(Crawled caption data)
....
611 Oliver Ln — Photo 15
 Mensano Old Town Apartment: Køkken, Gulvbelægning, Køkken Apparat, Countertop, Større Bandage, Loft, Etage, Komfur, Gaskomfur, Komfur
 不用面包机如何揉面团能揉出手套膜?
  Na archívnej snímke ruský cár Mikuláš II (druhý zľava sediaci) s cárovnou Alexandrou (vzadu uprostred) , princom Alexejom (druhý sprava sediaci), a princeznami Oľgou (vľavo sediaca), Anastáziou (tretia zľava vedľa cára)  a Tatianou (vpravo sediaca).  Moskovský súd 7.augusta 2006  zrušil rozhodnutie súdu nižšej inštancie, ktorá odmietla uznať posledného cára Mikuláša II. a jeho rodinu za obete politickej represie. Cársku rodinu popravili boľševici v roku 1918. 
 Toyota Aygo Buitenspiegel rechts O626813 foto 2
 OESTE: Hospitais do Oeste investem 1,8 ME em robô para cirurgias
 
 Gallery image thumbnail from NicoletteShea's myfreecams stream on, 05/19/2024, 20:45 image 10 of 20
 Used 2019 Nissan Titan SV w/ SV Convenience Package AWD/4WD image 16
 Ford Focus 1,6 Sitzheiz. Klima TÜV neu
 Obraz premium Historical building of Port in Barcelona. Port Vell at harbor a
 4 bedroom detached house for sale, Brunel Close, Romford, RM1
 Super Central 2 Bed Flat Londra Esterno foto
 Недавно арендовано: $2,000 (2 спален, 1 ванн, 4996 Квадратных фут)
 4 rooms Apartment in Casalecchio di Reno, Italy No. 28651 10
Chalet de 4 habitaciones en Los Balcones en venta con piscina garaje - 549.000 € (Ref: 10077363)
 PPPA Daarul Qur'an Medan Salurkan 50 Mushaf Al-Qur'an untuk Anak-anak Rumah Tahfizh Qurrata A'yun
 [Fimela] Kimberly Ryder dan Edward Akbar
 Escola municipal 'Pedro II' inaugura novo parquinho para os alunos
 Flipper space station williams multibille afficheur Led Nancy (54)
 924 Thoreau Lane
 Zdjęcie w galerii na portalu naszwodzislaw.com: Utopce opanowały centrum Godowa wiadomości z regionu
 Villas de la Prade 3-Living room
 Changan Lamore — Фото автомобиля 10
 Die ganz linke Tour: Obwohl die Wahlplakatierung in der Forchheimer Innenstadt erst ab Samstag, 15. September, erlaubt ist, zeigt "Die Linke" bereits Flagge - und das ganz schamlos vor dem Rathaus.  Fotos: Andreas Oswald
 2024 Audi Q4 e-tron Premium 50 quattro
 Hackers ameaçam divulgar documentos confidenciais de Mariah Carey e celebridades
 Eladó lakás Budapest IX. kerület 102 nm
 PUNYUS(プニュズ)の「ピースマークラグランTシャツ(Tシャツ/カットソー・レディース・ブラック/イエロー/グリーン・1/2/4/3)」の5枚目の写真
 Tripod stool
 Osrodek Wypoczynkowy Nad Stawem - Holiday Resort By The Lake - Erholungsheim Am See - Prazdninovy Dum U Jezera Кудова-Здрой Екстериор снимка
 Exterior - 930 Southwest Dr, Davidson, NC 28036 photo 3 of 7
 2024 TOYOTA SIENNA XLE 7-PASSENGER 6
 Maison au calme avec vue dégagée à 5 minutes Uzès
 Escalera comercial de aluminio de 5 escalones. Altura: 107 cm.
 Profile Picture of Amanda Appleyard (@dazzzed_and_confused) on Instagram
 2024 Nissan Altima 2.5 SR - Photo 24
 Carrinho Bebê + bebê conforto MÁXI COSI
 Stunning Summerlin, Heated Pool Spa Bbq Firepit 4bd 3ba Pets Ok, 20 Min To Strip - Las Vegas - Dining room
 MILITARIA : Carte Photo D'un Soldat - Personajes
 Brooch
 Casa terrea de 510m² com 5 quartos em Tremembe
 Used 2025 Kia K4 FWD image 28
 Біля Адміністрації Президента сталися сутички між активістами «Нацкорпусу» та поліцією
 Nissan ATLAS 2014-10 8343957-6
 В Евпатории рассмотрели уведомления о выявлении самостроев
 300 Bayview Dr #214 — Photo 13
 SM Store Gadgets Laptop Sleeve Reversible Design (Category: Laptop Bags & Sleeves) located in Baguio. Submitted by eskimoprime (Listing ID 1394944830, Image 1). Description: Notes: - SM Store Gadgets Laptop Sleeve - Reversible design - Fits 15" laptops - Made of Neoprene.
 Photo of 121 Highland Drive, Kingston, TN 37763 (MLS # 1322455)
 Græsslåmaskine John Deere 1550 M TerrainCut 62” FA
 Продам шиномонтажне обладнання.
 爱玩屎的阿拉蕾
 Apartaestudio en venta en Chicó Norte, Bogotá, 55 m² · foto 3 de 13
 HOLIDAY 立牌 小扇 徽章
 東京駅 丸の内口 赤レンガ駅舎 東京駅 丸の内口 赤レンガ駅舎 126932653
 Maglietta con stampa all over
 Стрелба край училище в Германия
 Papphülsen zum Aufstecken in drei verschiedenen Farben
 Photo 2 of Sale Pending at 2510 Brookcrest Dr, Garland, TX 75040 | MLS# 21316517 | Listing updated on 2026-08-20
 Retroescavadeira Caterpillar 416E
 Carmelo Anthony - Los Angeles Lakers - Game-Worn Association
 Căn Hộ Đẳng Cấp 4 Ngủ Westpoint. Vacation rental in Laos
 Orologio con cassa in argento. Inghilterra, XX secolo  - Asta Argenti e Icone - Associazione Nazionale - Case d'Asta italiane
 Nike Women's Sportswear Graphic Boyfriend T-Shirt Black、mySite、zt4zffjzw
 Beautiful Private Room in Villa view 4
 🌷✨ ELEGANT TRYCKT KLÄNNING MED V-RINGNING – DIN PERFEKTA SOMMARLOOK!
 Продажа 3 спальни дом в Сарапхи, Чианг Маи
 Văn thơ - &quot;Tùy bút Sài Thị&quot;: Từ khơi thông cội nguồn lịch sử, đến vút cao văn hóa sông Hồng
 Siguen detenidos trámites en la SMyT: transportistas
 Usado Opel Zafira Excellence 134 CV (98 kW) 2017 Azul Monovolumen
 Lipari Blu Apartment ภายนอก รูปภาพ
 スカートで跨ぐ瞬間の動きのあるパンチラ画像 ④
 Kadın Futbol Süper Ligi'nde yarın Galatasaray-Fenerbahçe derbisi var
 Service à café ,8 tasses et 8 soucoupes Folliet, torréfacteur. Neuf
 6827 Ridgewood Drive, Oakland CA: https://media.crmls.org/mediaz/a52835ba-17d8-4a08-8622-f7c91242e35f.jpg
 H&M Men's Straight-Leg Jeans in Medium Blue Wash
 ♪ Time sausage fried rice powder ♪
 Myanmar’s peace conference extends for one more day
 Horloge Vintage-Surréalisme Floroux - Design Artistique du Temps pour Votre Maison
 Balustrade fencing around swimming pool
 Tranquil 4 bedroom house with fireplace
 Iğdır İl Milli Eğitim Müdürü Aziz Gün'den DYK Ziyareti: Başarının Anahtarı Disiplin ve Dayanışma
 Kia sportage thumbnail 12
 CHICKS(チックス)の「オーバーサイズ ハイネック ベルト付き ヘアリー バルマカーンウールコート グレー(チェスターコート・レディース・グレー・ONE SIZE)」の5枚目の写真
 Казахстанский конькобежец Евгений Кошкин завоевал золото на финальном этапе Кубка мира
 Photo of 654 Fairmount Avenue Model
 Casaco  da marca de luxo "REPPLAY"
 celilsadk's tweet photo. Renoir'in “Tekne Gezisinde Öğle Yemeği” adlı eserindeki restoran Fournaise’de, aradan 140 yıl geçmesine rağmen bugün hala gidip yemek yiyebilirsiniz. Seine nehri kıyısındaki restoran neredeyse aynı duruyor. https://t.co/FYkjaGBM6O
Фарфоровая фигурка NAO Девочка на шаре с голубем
....
Restate the entries above word for word.

• [TASK SOLUTION]:
611 Oliver Ln — Photo 15
 Mensano Old Town Apartment: Køkken, Gulvbelægning, Køkken Apparat, Countertop, Større Bandage, Loft, Etage, Komfur, Gaskomfur, Komfur
 不用面包机如何揉面团能揉出手套膜?
  Na archívnej snímke ruský cár Mikuláš II (druhý zľava sediaci) s cárovnou Alexandrou (vzadu uprostred) , princom Alexejom (druhý sprava sediaci), a princeznami Oľgou (vľavo sediaca), Anastáziou (tretia zľava vedľa cára)  a Tatianou (vpravo sediaca).  Moskovský súd 7.augusta 2006  zrušil rozhodnutie súdu nižšej inštancie, ktorá odmietla uznať posledného cára Mikuláša II. a jeho rodinu za obete politickej represie. Cársku rodinu popravili boľševici v roku 1918. 
 Toyota Aygo Buitenspiegel rechts O626813 foto 2
 OESTE: Hospitais do Oeste investem 1,8 ME em robô para cirurgias
 
 Gallery image thumbnail from NicoletteShea's myfreecams stream on, 05/19/2024, 20:45 image 10 of 20
 Used 2019 Nissan Titan SV w/ SV Convenience Package AWD/4WD image 16
 Ford Focus 1,6 Sitzheiz. Klima TÜV neu
 Obraz premium Historical building of Port in Barcelona. Port Vell at harbor a
 4 bedroom detached house for sale, Brunel Close, Romford, RM1
 Super Central 2 Bed Flat Londra Esterno foto
 Недавно арендовано: $2,000 (2 спален, 1 ванн, 4996 Квадратных фут)
 4 rooms Apartment in Casalecchio di Reno, Italy No. 28651 10
Chalet de 4 habitaciones en Los Balcones en venta con piscina garaje - 549.000 € (Ref: 10077363)
 PPPA Daarul Qur'an Medan Salurkan 50 Mushaf Al-Qur'an untuk Anak-anak Rumah Tahfizh Qurrata A'yun
 [Fimela] Kimberly Ryder dan Edward Akbar
 Escola municipal 'Pedro II' inaugura novo parquinho para os alunos
 Flipper space station williams multibille afficheur Led Nancy (54)
 924 Thoreau Lane
 Zdjęcie w galerii na portalu naszwodzislaw.com: Utopce opanowały centrum Godowa wiadomości z regionu
 Villas de la Prade 3-Living room
 Changan Lamore — Фото автомобиля 10
 Die ganz linke Tour: Obwohl die Wahlplakatierung in der Forchheimer Innenstadt erst ab Samstag, 15. September, erlaubt ist, zeigt "Die Linke" bereits Flagge - und das ganz schamlos vor dem Rathaus.  Fotos: Andreas Oswald
 2024 Audi Q4 e-tron Premium 50 quattro
 Hackers ameaçam divulgar documentos confidenciais de Mariah Carey e celebridades
 Eladó lakás Budapest IX. kerület 102 nm
 PUNYUS(プニュズ)の「ピースマークラグランTシャツ(Tシャツ/カットソー・レディース・ブラック/イエロー/グリーン・1/2/4/3)」の5枚目の写真
 Tripod stool
 Osrodek Wypoczynkowy Nad Stawem - Holiday Resort By The Lake - Erholungsheim Am See - Prazdninovy Dum U Jezera Кудова-Здрой Екстериор снимка
 Exterior - 930 Southwest Dr, Davidson, NC 28036 photo 3 of 7
 2024 TOYOTA SIENNA XLE 7-PASSENGER 6
 Maison au calme avec vue dégagée à 5 minutes Uzès
 Escalera comercial de aluminio de 5 escalones. Altura: 107 cm.
 Profile Picture of Amanda Appleyard (@dazzzed_and_confused) on Instagram
 2024 Nissan Altima 2.5 SR - Photo 24
 Carrinho Bebê + bebê conforto MÁXI COSI
 Stunning Summerlin, Heated Pool Spa Bbq Firepit 4bd 3ba Pets Ok, 20 Min To Strip - Las Vegas - Dining room
 MILITARIA : Carte Photo D'un Soldat - Personajes
 Brooch
 Casa terrea de 510m² com 5 quartos em Tremembe
 Used 2025 Kia K4 FWD image 28
 Біля Адміністрації Президента сталися сутички між активістами «Нацкорпусу» та поліцією
 Nissan ATLAS 2014-10 8343957-6
 В Евпатории рассмотрели уведомления о выявлении самостроев
 300 Bayview Dr #214 — Photo 13
 SM Store Gadgets Laptop Sleeve Reversible Design (Category: Laptop Bags & Sleeves) located in Baguio. Submitted by eskimoprime (Listing ID 1394944830, Image 1). Description: Notes: - SM Store Gadgets Laptop Sleeve - Reversible design - Fits 15" laptops - Made of Neoprene.
 Photo of 121 Highland Drive, Kingston, TN 37763 (MLS # 1322455)
 Græsslåmaskine John Deere 1550 M TerrainCut 62” FA
 Продам шиномонтажне обладнання.
 爱玩屎的阿拉蕾
 Apartaestudio en venta en Chicó Norte, Bogotá, 55 m² · foto 3 de 13
 HOLIDAY 立牌 小扇 徽章
 東京駅 丸の内口 赤レンガ駅舎 東京駅 丸の内口 赤レンガ駅舎 126932653
 Maglietta con stampa all over
 Стрелба край училище в Германия
 Papphülsen zum Aufstecken in drei verschiedenen Farben
 Photo 2 of Sale Pending at 2510 Brookcrest Dr, Garland, TX 75040 | MLS# 21316517 | Listing updated on 2026-08-20
 Retroescavadeira Caterpillar 416E
 Carmelo Anthony - Los Angeles Lakers - Game-Worn Association
 Căn Hộ Đẳng Cấp 4 Ngủ Westpoint. Vacation rental in Laos
 Orologio con cassa in argento. Inghilterra, XX secolo  - Asta Argenti e Icone - Associazione Nazionale - Case d'Asta italiane
 Nike Women's Sportswear Graphic Boyfriend T-Shirt Black、mySite、zt4zffjzw
 Beautiful Private Room in Villa view 4
 🌷✨ ELEGANT TRYCKT KLÄNNING MED V-RINGNING – DIN PERFEKTA SOMMARLOOK!
 Продажа 3 спальни дом в Сарапхи, Чианг Маи
 Văn thơ - &quot;Tùy bút Sài Thị&quot;: Từ khơi thông cội nguồn lịch sử, đến vút cao văn hóa sông Hồng
 Siguen detenidos trámites en la SMyT: transportistas
 Usado Opel Zafira Excellence 134 CV (98 kW) 2017 Azul Monovolumen
 Lipari Blu Apartment ภายนอก รูปภาพ
 スカートで跨ぐ瞬間の動きのあるパンチラ画像 ④
 Kadın Futbol Süper Ligi'nde yarın Galatasaray-Fenerbahçe derbisi var
 Service à café ,8 tasses et 8 soucoupes Folliet, torréfacteur. Neuf
 6827 Ridgewood Drive, Oakland CA: https://media.crmls.org/mediaz/a52835ba-17d8-4a08-8622-f7c91242e35f.jpg
 H&M Men's Straight-Leg Jeans in Medium Blue Wash
 ♪ Time sausage fried rice powder ♪
 Myanmar’s peace conference extends for one more day
 Horloge Vintage-Surréalisme Floroux - Design Artistique du Temps pour Votre Maison
 Balustrade fencing around swimming pool
 Tranquil 4 bedroom house with fireplace
 Iğdır İl Milli Eğitim Müdürü Aziz Gün'den DYK Ziyareti: Başarının Anahtarı Disiplin ve Dayanışma
 Kia sportage thumbnail 12
 CHICKS(チックス)の「オーバーサイズ ハイネック ベルト付き ヘアリー バルマカーンウールコート グレー(チェスターコート・レディース・グレー・ONE SIZE)」の5枚目の写真
 Казахстанский конькобежец Евгений Кошкин завоевал золото на финальном этапе Кубка мира
 Photo of 654 Fairmount Avenue Model
 Casaco  da marca de luxo "REPPLAY"
 celilsadk's tweet photo. Renoir'in “Tekne Gezisinde Öğle Yemeği” adlı eserindeki restoran Fournaise’de, aradan 140 yıl geçmesine rağmen bugün hala gidip yemek yiyebilirsiniz. Seine nehri kıyısındaki restoran neredeyse aynı duruyor. https://t.co/FYkjaGBM6O
Фарфоровая фигурка NAO Девочка на шаре с голубем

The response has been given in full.